# Oooops we got a turtle :D



## Claudia (Apr 21, 2010)

Well as most of u know I will b moving as soon as i find something good etc I should b trying to downsize to make the move easier....yeah right.
Bao had this turtle in a container that was double his size and didnt have room at all, April was selling a tank maybe 10g-15g so i thought i would buy it to give it to Bao and I also got free turtle food from April.
After picking up the stuff from April and doing some errands i stoped by Bao's place and while we were chatting my 1 of my boys was petting the turtle so i told Bao hey i got the tank in the car for u, he said to me that he didnt have space for another tank to put the turtle in and that i should take the turtle with me,of course the kids were like yes yes mom yes lets take it (Thanks Bao  lol) 
We had the turtle in the tank i got for him, i picked up on wednesday those floating island for the basking thing from Bao (cause he remember he got one) so today i am fixing the tank adding a heater and when i wanted to put the floating island it was almost the size of the tank  so i thought well i will run to Mr.

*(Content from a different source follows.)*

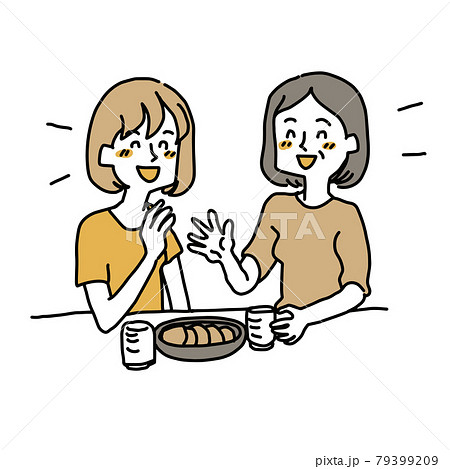 仲良く会話する若い女性と中年女性 79399209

Pets which is 2 blocks away from my house and get a small one.
I was looking around doing other things and thinking about it well turtle got his floating island and a new tank too with friend in it, my 72g bowfront. He is sooo happy lol so here are some pics, i hope u enjoy them  I only have to add his light and we r all set


----------



## 77_Bus_Girl (Dec 30, 2012)

What a lucky little turtle!


----------



## Claudia (Apr 21, 2010)

77_Bus_Girl said:


> What a lucky little turtle!


He seems really happy, i just hope i dont start loosing fish lol


----------



## effox (Apr 21, 2010)

That's awesome Claudia! Thanks for helping a good person out!

Cheers,
Chris


----------



## Claudia (Apr 21, 2010)

effox said:


> That's awesome Claudia! Thanks for helping a good person out!
> 
> Cheers,
> Chris


Hard to say no  He was sleeping not long ago, sees like he likes it. he was swimming all over before too


----------



## effox (Apr 21, 2010)

I don't know if they're escape artists or not, hopefully he really enjoys his new surroundings and doesn't try over the glass top!


----------



## Claudia (Apr 21, 2010)

I took a bit of water out and i took the glass top out too but i put the glass top against the wall


----------



## effox (Apr 21, 2010)

Awesome, I don't know jack about turtles, it'd just be a shame if he decided he wanted to go to "freedom" by instinct.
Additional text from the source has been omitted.